• Thursday, April 25, 2024
businessday logo

BusinessDay

Nigerian’s loss of down ballot interest

Nigerian’s loss of down ballot interest

Nigeria’s heavily centralised system kicked off with Aguiyi-Irons’s infamous unification decree in 1966. Since then, we have been in a race to the bottom as we have centralised more and more despite the evidence that Abuja is quite incapable of handling all it pretends to try to handle. Nigeria can only get sustainable progress from devolution and constitutional amendments that give the states the freedom and resources to develop themselves.

To be fair, the states and local governments have some powers, and their failure to utilise those properly makes a case for devolution pretty tough. According to data from UNESCO, Nigeria has about 20 million out-of-school children.

This long-standing problem has become part of the campaign rhetoric of presidential candidates, who have not hesitated to promise Nigerians that they will resolve the issue. As persuasive as they may sound, it will be almost impossible for them to eradicate mass illiteracy.

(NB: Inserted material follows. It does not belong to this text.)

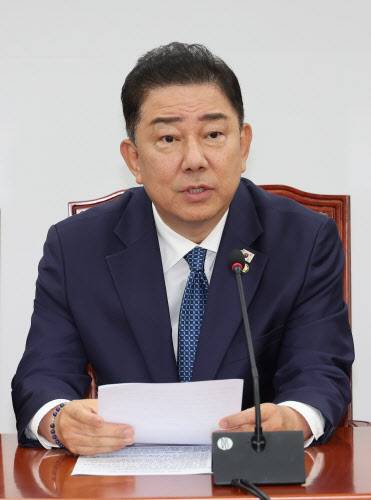 김병기 더불어민주당 당대표 직무대행 겸 원내대표가 31일 국회에서 열린 정책조정회의에서 발언하고 있다. (사진=연합뉴스)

The reason is that the executive arm of government, which includes the Nigerian President and the Federal Government, is not in charge of the primary school system. In Nigeria’s federalism, the plan is to have executive powers shared among the federal, state and local governments in a way that synergy is created.

The state and local governments are constitutionally responsible for primary school education and healthcare. Their work is designed to be facilitated by councillors and legislators in the House of Assembly. But many Nigerians do not know that. We will get back to this…

For the North, South and Middle Belt. A true devolution that frees the states and regions to use their resources to develop themselves at their pace, with no one needing Abuja to be God, or sidelining some states to develop others, thus creating resentment.

Restructuring is what can work, and we saw this at some level during the First Republic. Trans-Amadi, Ikeja and Bompai are examples of what could have been. Every Nigerian state and LGA has to develop itself. The progress made at LGA and State level is what will lift this country. Centralisation has warped our minds so much that we do not even try to do what is legally permitted at the state and LGA levels.

No President will set up farms. We have seen the outcome of Aso Rock refusing to let the states and regions handle power generation. We have seen the outcome of a centralised industrialisation policy rather than having industrial policy differ from state to state according to their raw materials, needs, educational attainment and human capital.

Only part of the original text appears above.